Canada ‘lost’ about 33k jobs last month. The details were weak (chart 1). Ontario, Alberta and Quebec drove the loss. 

Chart 1: Canadian Jobs Break Down

Full-time jobs took it on the chin at –62k with part-time jobs up about 30k.

Private payroll jobs fell 48k with public sector payroll jobs little changed (-3k) and self-employed jobs up 18k. I’m always skeptical toward self-employed positions not due to their nature but due to the soft data quality with self-reporting and what a sudden pick up indicates amid mounting risks to the economy.

By industry, the retail and wholesale trade sectors took the biggest hit at about –29k jobs following the end of the GST/HST cut and as significant retailers stumble. Other sectors were more balanced in terms of gainers and losers (chart 2).

Chart 2: March Changes in Canadian Employment Levels by Sector

Hours worked are a better indicator of incomes for many but they only gained 0.4% m/m SA after a steep drop of –1.3% in February. Q1 hours worked were up by 2.0% q/q SAAR which is a positive reading for GDP growth with GDP defined as hours worked times labour productivity (chart 3). Weather helped, as the lost hours worked due to weather in February (think snow...a lot) fell back to closer to seasonal norms (chart 4).

Chart 3: Canada Total Hours Worked; Chart 4: Canadian Economy Hours Lost Due to Strike/Lockout & Weather

Wage growth stalled at just 0.1% m/m SAAR in March, but this followed a jump to 6% the prior month (chart 5). Still, the three-month moving average is just 2.3% m/m SAAR.

Chart 5: Canadian Hourly Wages

Here’s where the rub comes in. Statcan applied the lowest seasonal adjustment factor on record for months of March to the job figures (chart 6). Doing so worsened what was little changed in the seasonally unadjusted drop of –11k. Chart 7 shows what job growth would’ve looked like across a sampling of SA factors drawn from the history of other months of March. Most of them would have generated a gain in jobs.

Chart 6: Comparing Canada LFS for All Months of March; Chart 7: CA Labour Force Survey Scenarios

As for the Bank of Canada, I don’t think they will much care about these jobs numbers including the SA factor distortions. For one thing, it’s just one number, although the prior month was soft as well and with weather and SA factors also weights in February. What will carry the day is that the trade shock is much bigger than anyone anticipated—especially those who felt the BoC would keep cutting but that tariffs would never materialize! Reasons matter.
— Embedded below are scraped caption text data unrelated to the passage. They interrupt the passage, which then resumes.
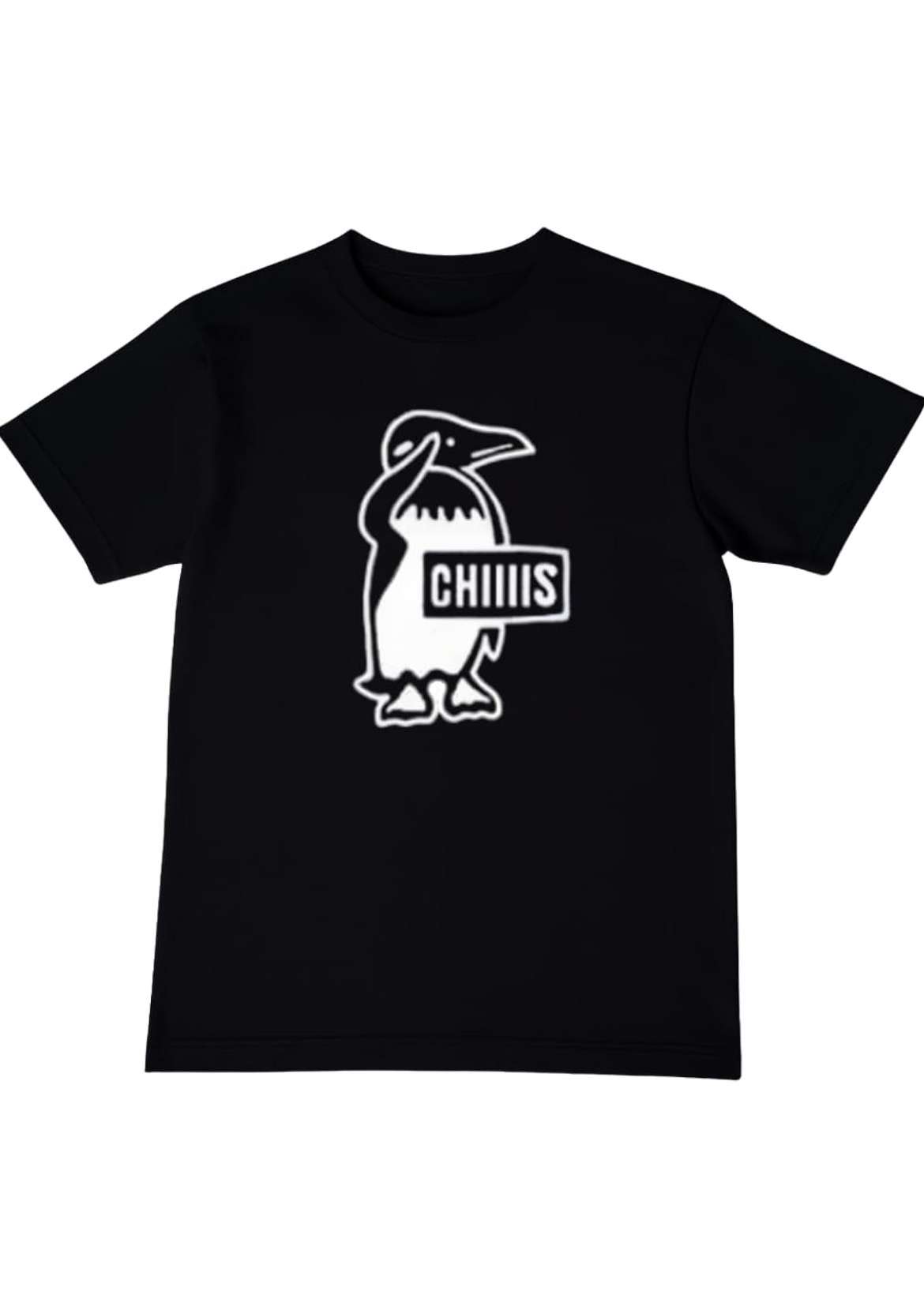 おもしろＴシャツ選手権 2026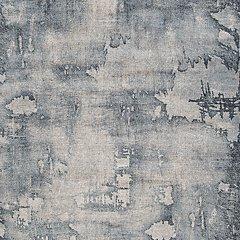 Langrich 5'3" x 7'3" Rug - Image 4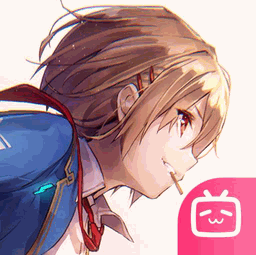 炽焰天穹（中国版） Icon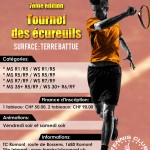 07-2015 - Tournoi écureuils OK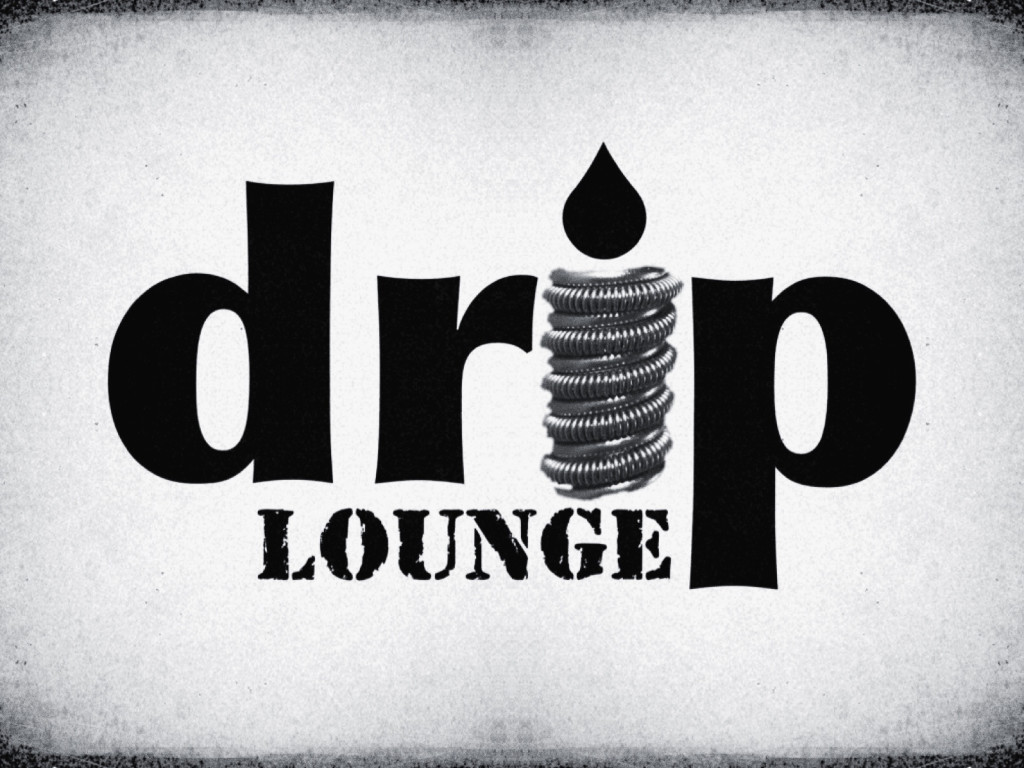Drip Lounge Needs Your Love Indiegogo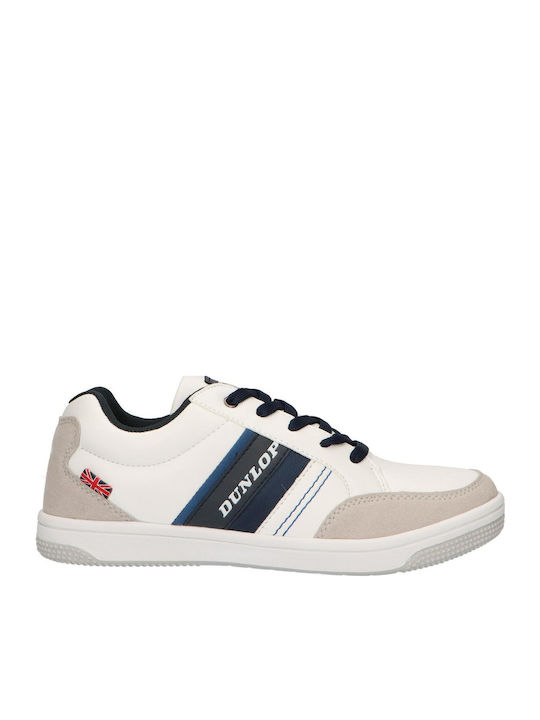 Dunlop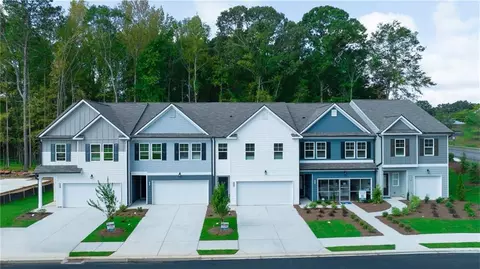 87 Buckingham Ln, Hoschton, GA 30548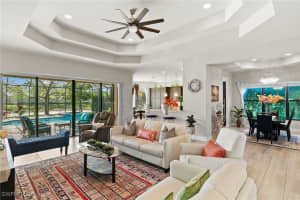 4382 Caldera Circle, Naples, FL 34119 - MLS#225047675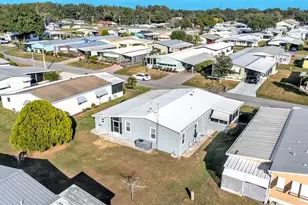 5079 Lodgewood Dr, Lakeland, FL 33810 - Photo 41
For a modestly sized, open economy that trades a lot and is commodity dependent, these are bad developments. It’s a negative terms of trade shock to which the BoC tends to respond dovishly. Look at oil, for example. Plus, Canada's retaliation is less than the US tariffs, hence not dollar for dollar, and so the impact is a net demand shock through the two-way trade measures. And the US economy is going down here which is never good for Canada especially given commodity hits.